The best hope for the party is that a potentially unifying figure (such as John Howard’s former chief of staff Arthur Sinodinos) can emerge as a consensus candidate and sweep the field. In his absence it may well be a moshpit, and one that takes place in Turnbull’s backyard.
Whatever happens, the events of yesterday confirm that when you’re luck is running against you in politics, the smallest glimmers of hope are generally blown away by a whopping great storm cloud.
As was the case earlier in the year, when the smile on Malcolm Turnbull’s face over Peter Costello’s retirement was wiped away by a fellow called Godwin Grech, the Opposition Leader would have been feeling uncharacteristically chipper yesterday when Newspoll found that he still has a pulse after all. It was hardly a scorching comeback – his satisfaction rating rose four points to 30, his dissatisfaction fell one point to 56 – but when you’re going as badly as he is you take what you can.
But the warm afterglow lasted about three seconds courtesy of Nelson. And it’s hard not to conclude that Nelson – whatever he says about the urgent timing of his private sector job opportunity – knew that it would also come with the happy bonus of letting him skewer the man who shafted him.
So where does it leave Turnbull?
In short, it’s underscored the widely-held public belief that the Libs are indeed an unelectable rabble.

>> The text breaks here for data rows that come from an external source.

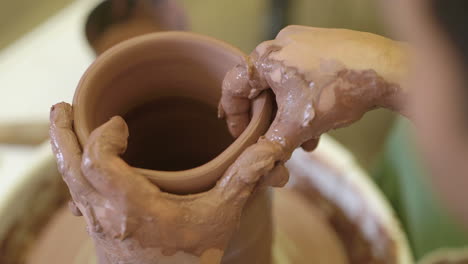 over shoulder view of potter working wet clay rotating on workshop pottery wheel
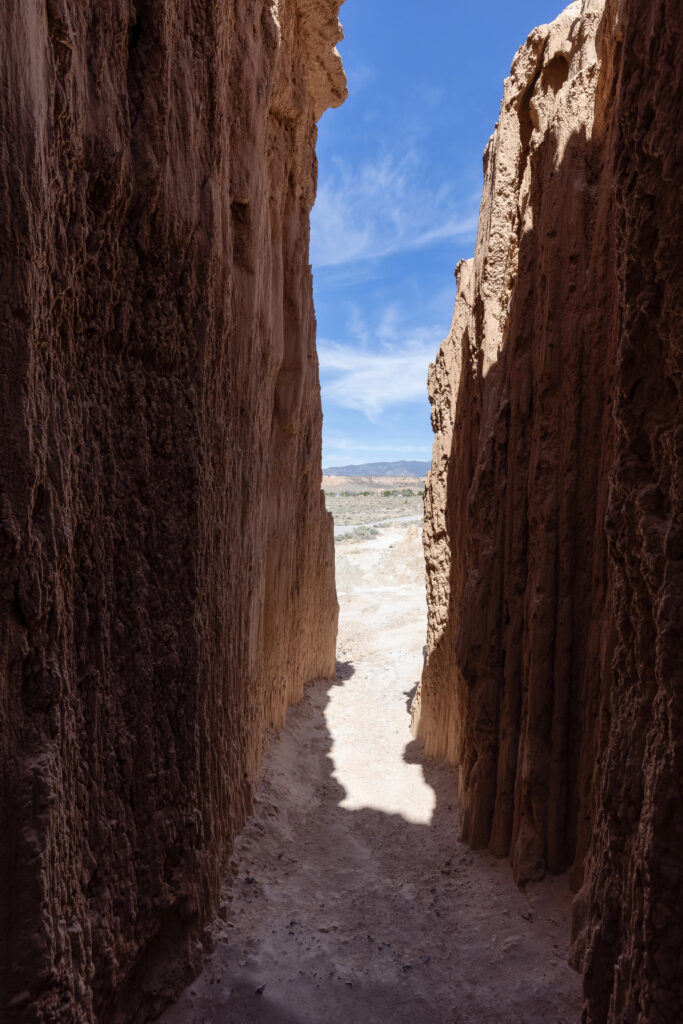 A narrow, vertical view from inside a deep slot canyon made of tan, eroded bentonite clay. The sheer, textured walls frame a bright opening that reveals a sunlit desert floor and distant blue mountains under a light sky. The foreground is in deep shadow, emphasizing the tight, cathedral-like passage of the "moon caves."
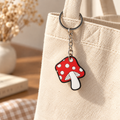 Red mushroom bag charm attached to a cream canvas tote; bag not included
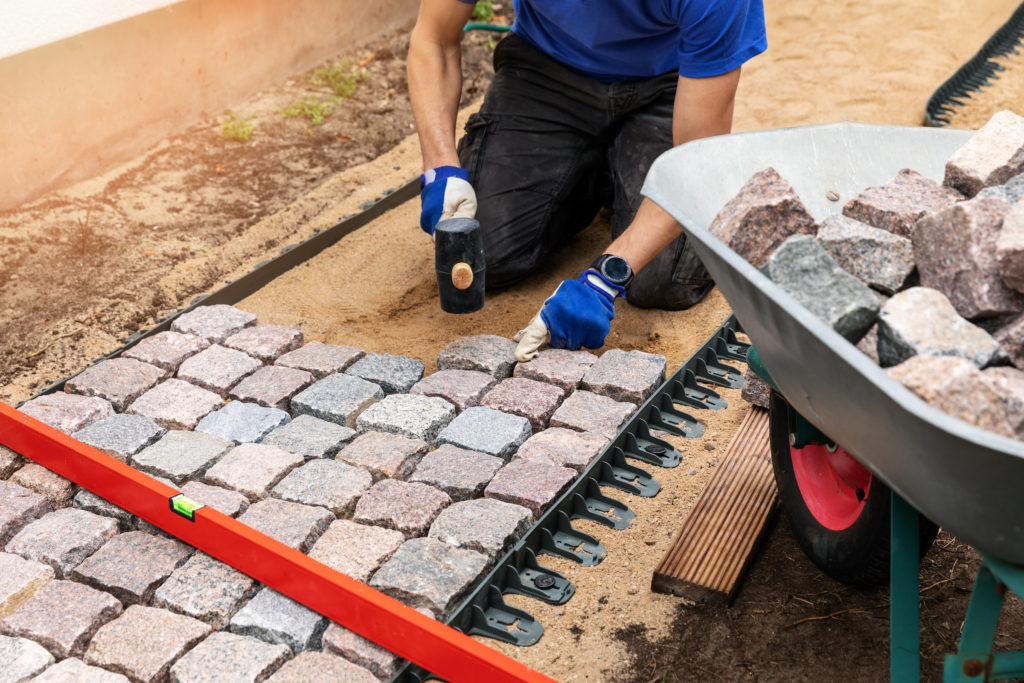 a homeowner adding a brick pathway to his home DIY landscaping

The problem with stories like this for politicians isn’t that the public devours them. On the contrary. They absorb just enough of them to draw a steadfast conclusion which is hard to reverse – such as “gee, what a shambles that lot are” – then shake their heads and move on to reading something more interesting.
After the low-rent vaudeville from the nuttier elements of the Coalition over the ETS in the final fortnight of Parliament, the distractions of Tony Abbott’s book, the Andrew Robb speculation, the well-sourced story over Malcolm Turnbull’s expansive flirtations with the ALP, the conservatives do not currently look like an alternative government.
They look like some kind of broadly-based conservative think tank, where on any given day one of their number might advocate a policy, go forth with an idea, not because the party believes in it, just because it seemed like something interesting to say at the time.
There’s no authority, there’s no discipline, there’s no sense of camaraderie or unity. There’s no direction. And as Brendan Nelson showed yesterday there’s no respect either, not for Malcolm Turnbull, nor for the mug voters who will foot the bill so that Dr Nelson can sashay off into the political sunset with a big bucket of super, and leave the public with the bill for this indefensible by-election.